'42' Reviews: Does Jackie Robinson Movie Score?
"42," the new story of how Jackie Robinson broke baseball's color line, is connecting with critics.
The film, which stars Harrison Ford as executive Branch Rickey and newcomer Chadwick Boseman as the man himself, debuts Friday, and has earned strong notices. "42" received a solid 73 percent fresh rating from critics aggregator Rotten Tomatoes, with many reviewers singling out Boseman for particular praise.
In TheWrap, Alonso Duralde faulted the film for "soft-peddling" the uglier side of America's post-World War II racism, but said overall the film is an inspiring portrait of one of the sport's seminal moments.

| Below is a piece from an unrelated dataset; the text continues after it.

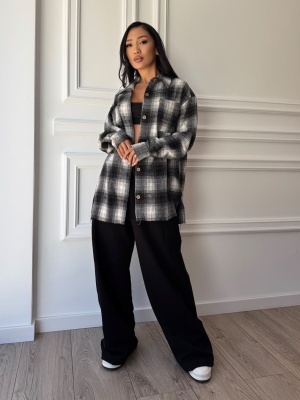 Cămașă ZITA în carouri, cu croială oversized și design modern - Img 4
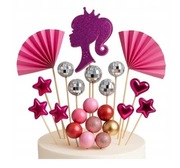 Toppery na tort Barbie Disco Pink 38 szt zestaw dekoracji urodzinowych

"'42' is a fairly slick confection, but it wisely avoids hagiography, mostly sticking to the facts in telling a compelling story about a truly extraordinary man," Duralde writes. "It's by no means the final word on the subject of Jackie Robinson (or baseball, or race relations), but it's a dazzling celebration of genuine daring."
For Owen Gleiberman of Entertainment Weekly, "42" is an old-fashioned story, but one that doesn't suffer from sticking with a traditional approach to storytelling. He was quite taken with Ford's work, noting that it was a departure for the action-movie icon.
"As Rickey, a stogie-chomping grump with a heart of gold, Harrison Ford seems to have reinvented himself as an actor," he writes. "He gives an ingeniously stylized cartoon performance, his eyes atwinkle, his mouth a rubbery grin, his voice all wily Southern music, though with that growl of Fordian anger just beneath it."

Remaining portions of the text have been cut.